**** Input records ****
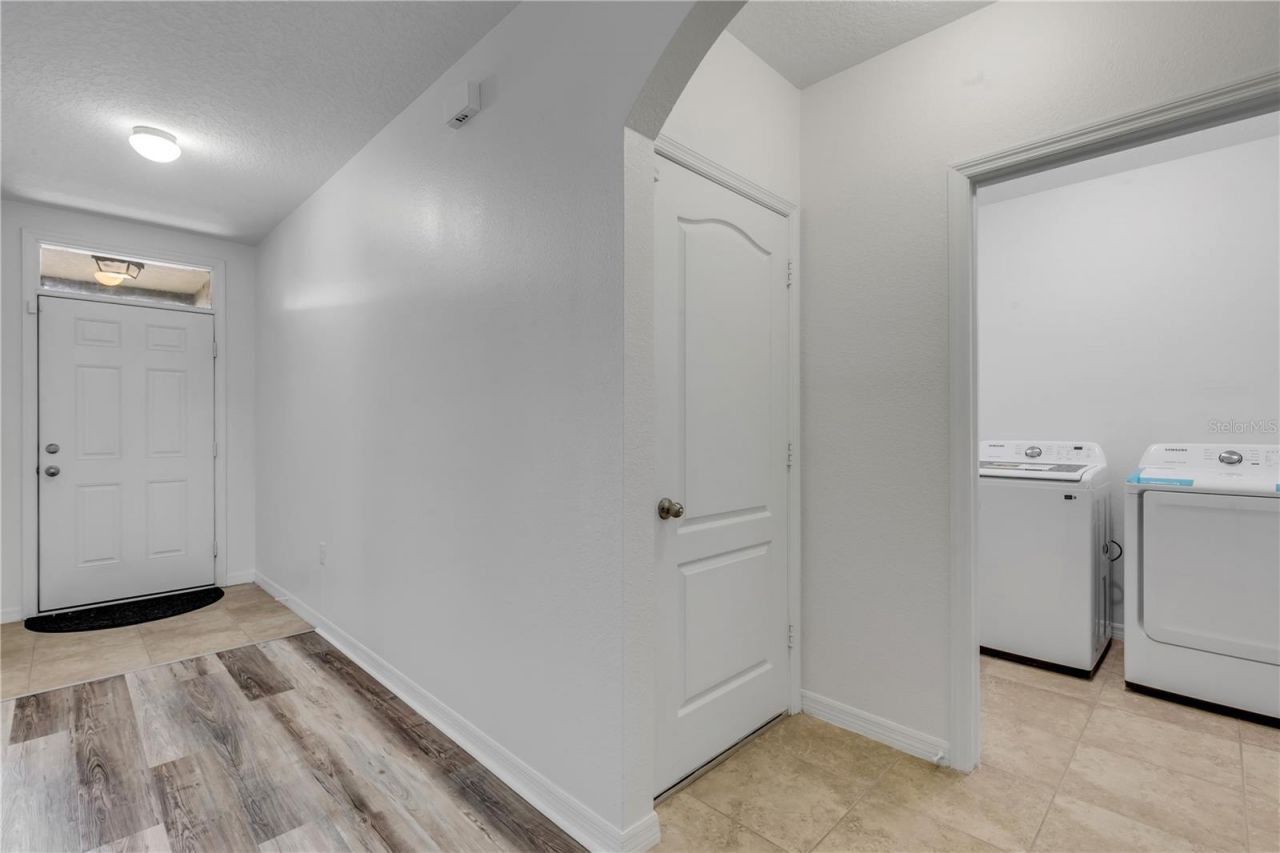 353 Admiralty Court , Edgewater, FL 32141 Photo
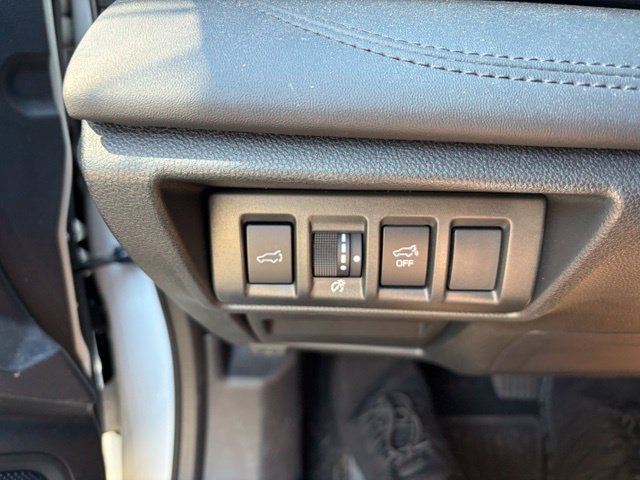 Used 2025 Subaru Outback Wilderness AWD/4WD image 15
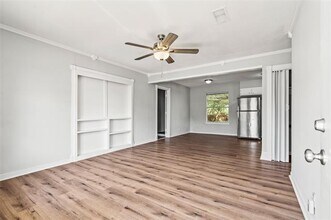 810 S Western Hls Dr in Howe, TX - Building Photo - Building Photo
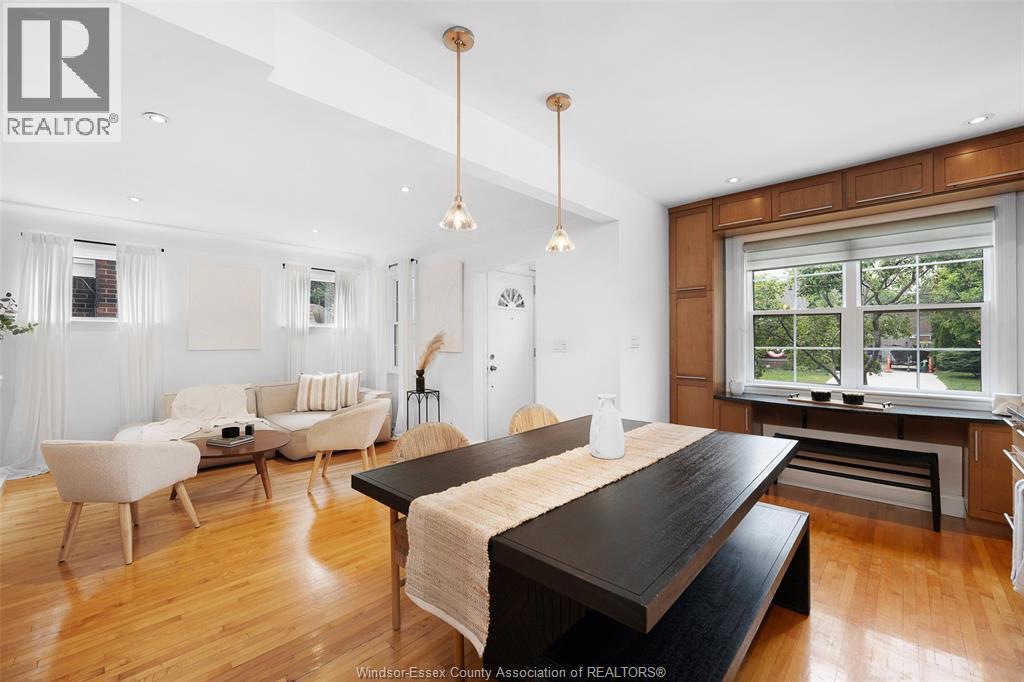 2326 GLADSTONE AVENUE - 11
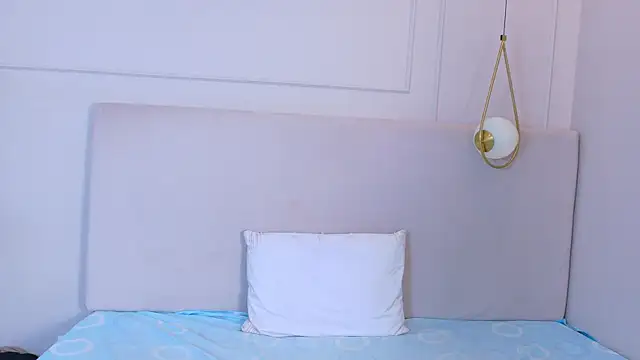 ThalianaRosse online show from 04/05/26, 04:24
****
#### Work task:
Omitting all images, print the listing exactly.

#### Output:
 353 Admiralty Court , Edgewater, FL 32141 Photo
 Used 2025 Subaru Outback Wilderness AWD/4WD image 15
 810 S Western Hls Dr in Howe, TX - Building Photo - Building Photo
 2326 GLADSTONE AVENUE - 11
 ThalianaRosse online show from 04/05/26, 04:24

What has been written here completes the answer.